Lucius Cornelius Balbus (fl. 1st century BC) was a Roman politician and general of Punic origin from Gades. Although from a family of naturalized foreigners (he received Roman citizenship at the same time as his uncle, around 72 BC) he did valuable services for the early Roman Empire and also contributed to public architecture of its capital.

Life

During the civil war, he served under Julius Caesar, by whom he was entrusted with several important missions. He also took part in the Alexandrian and Spanish wars. He was rewarded for his services by being admitted into the college of pontiffs. In 44 BC he was quaestor to Asinius Pollio in Further Spain (Hispania Ulterior), where he amassed a large fortune by plundering the inhabitants. Also, while there he added a suburb to his native town, Gades.

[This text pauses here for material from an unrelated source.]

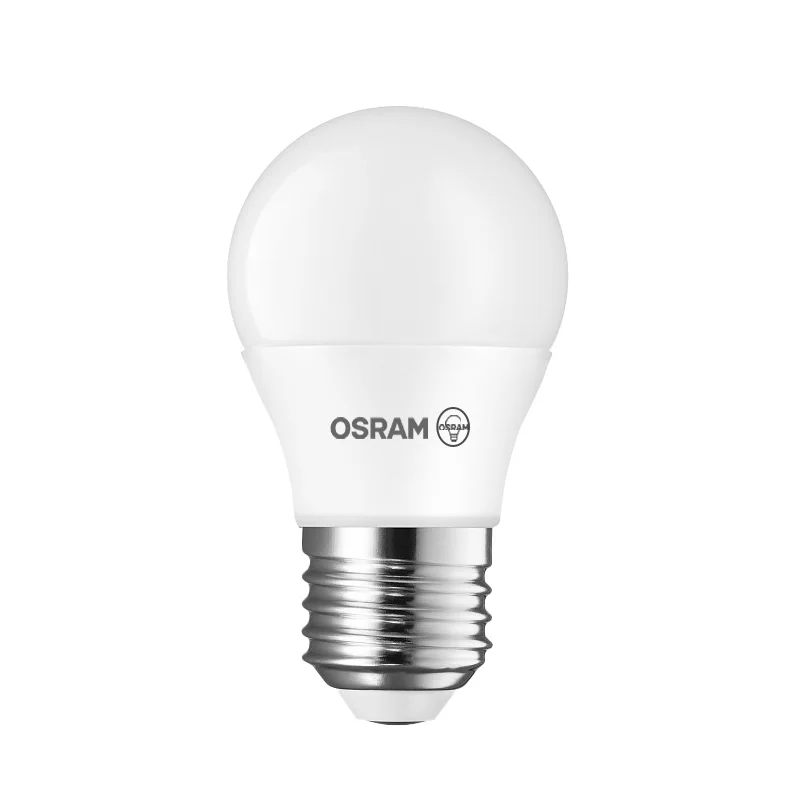 OSRAMLED 3W 5W 9W A25 A40 A60 Globe LED Bulb E27 220-240V Full Spectrum CLA Bulbs 15000 hours Long Life span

In the same year, Lucius Cornelius Balbus crossed over to Bogud, King of Mauretania, and is not heard of again until 21 BC, when he appears as Proconsul of Africa. Mommsen thinks that he had incurred the displeasure of Augustus by his conduct as praetor, and that his African appointment after so many years was due to his exceptional fitness for the post.

In 19 BC Balbus defeated the Garamantes (and did a famous expedition to Sub-Saharan Africa) and on March 27 in that year received the honor of a triumph, which was then for the first time granted to one who was not a Roman citizen by birth, and for the last time to a private individual, until the triumph of Belisarius in 534. He built a magnificent theatre at Rome, which was dedicated on the return of Augustus from Gaul in 13 BC.

Balbus appears to have given some attention to literature. He wrote a play of which the subject was his visit to Lentulus in the camp of Pompey at Dyrrhachium, and, according to Macrobius, was the author of a work called Ἐξηγητικά (Exegetica) dealing with the gods and their worship.

Balbus expedition to sub-Saharan Africa

The first expedition done by Romans in the Sahara—according to Plinius—was the one of Cornelius Balbus who in 19 BC probably reached the Niger river near Timbuktu. He moved from the Libyan city of Sabratha and conquered the Garamantian capital in Fezzan with ten thousand legionaries and sent a small group of his legionaries further south across the Ahaggar mountains in order to explore the "land of the lions": they found a huge river (the Niger) that they determined was going toward the Nile river. Indeed, in 1955, many Roman coins and some Latin ceramics were found in the area of actual Mali.

According to Jonathan Roth, some Roman coins have been recently discovered in the most northern region of Mali, confirming this expedition. Roman objects are, indeed, found in the Sahara, and, significantly, along the western caravan route: many Roman artifacts have been found at the Garamantian capital of Germa in the Fezzan.

See also
Tin Hinan Tomb
Romans in Sub-Saharan Africa

Notes

References
 which in turn cites:
Velleius Paterculus ii. 51; Cicero, ad Att. viii. 9
Pauly-Wissowa, Realencyclopädie, iv. pt. i. (1900).

Further reading

1st-century BC Romans
1st-century BC Punic people
1st-century BC writers
Ancient Roman generals
Balbus, Lucius (quaestor 711 AUC)
People from Cádiz
Roman governors of Africa
Roman legates
Cornelius Balbus, Lucius (711 AUC)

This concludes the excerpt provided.